[What you have to do]
Set down, exactly and with no pictures, the line that contains "Cool Barber Pattern" and all lines after it in the listing.

BEGIN Dataset extract

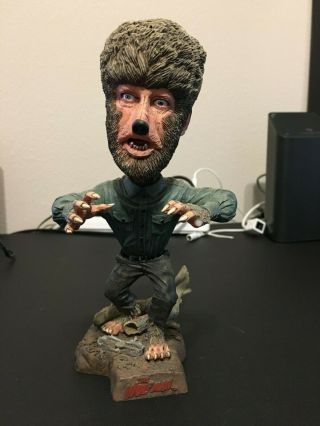 Neca The Wolf Man 8.  5 In.  Bobble Head C.  By Universal Studio Monsters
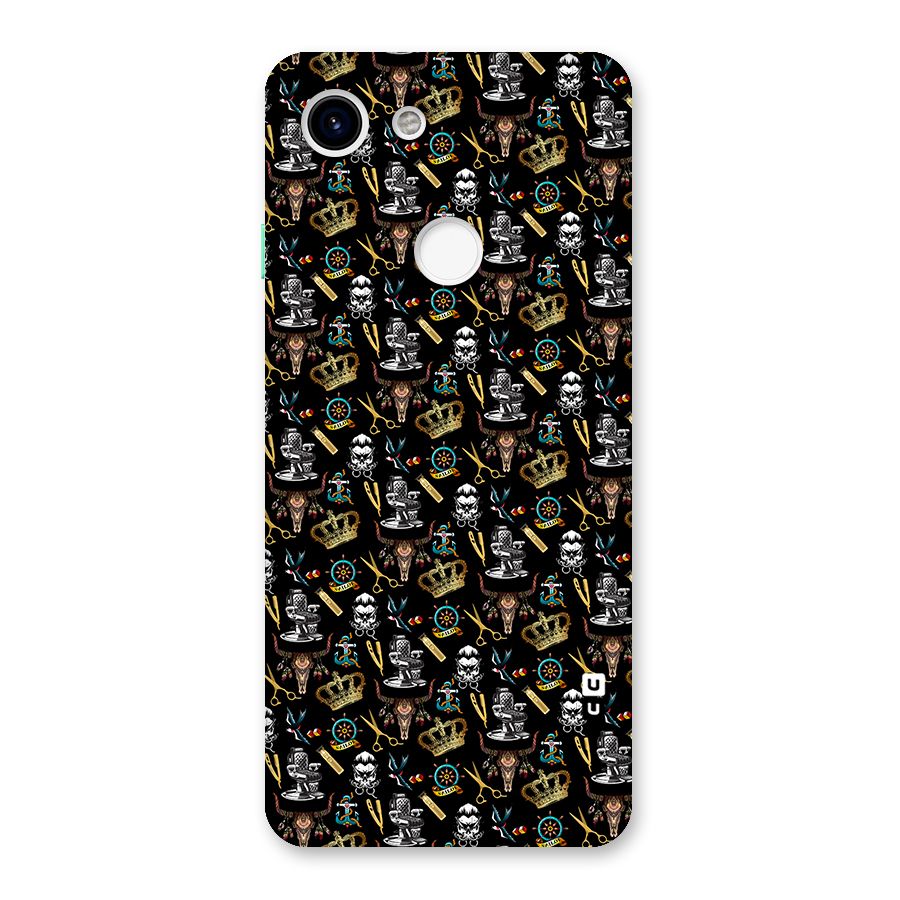 Cool Barber Pattern Back Case for Google Pixel 3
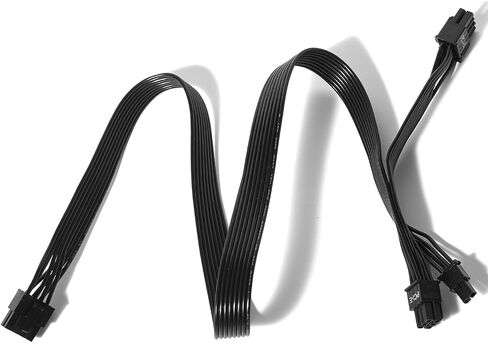كابل Funtin Male to Male PCIE (أسود B لـ Corsair PSU) in Kuwait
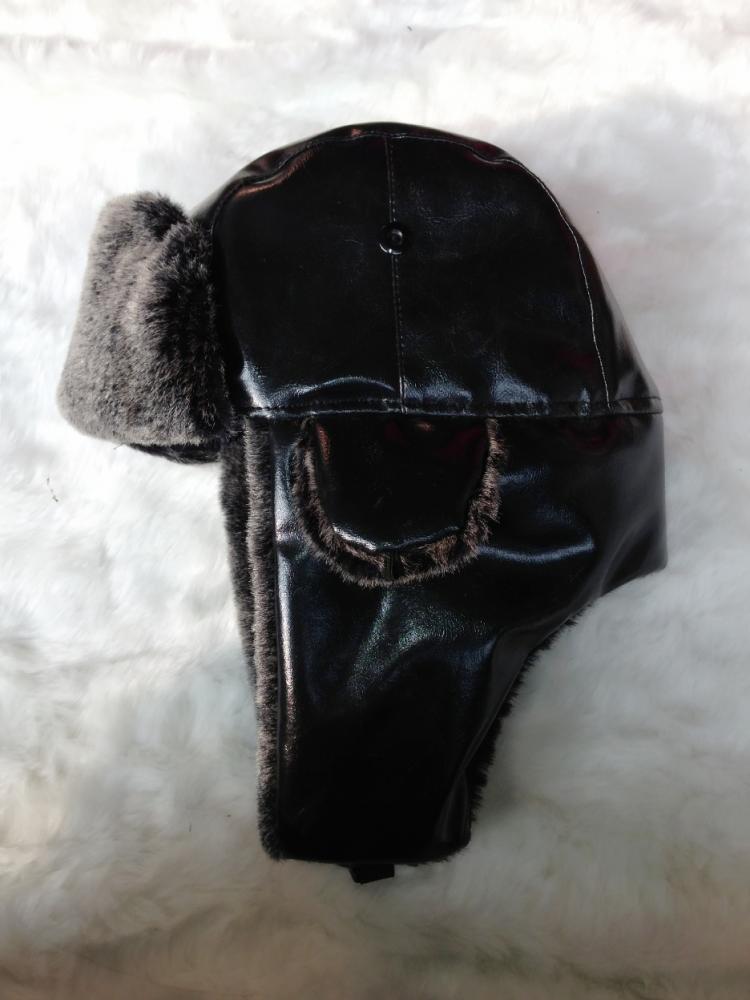 all in one place אביזרי גברים Men's Women's Unisex Thermal Catcher  Aviator Earmuffs Winter Flap Ski Hat New Aviator Hat Leather Fur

END Dataset extract

[Answer to this exercise]
 Cool Barber Pattern Back Case for Google Pixel 3
كابل Funtin Male to Male PCIE (أسود B لـ Corsair PSU) in Kuwait
 all in one place אביזרי גברים Men's Women's Unisex Thermal Catcher  Aviator Earmuffs Winter Flap Ski Hat New Aviator Hat Leather Fur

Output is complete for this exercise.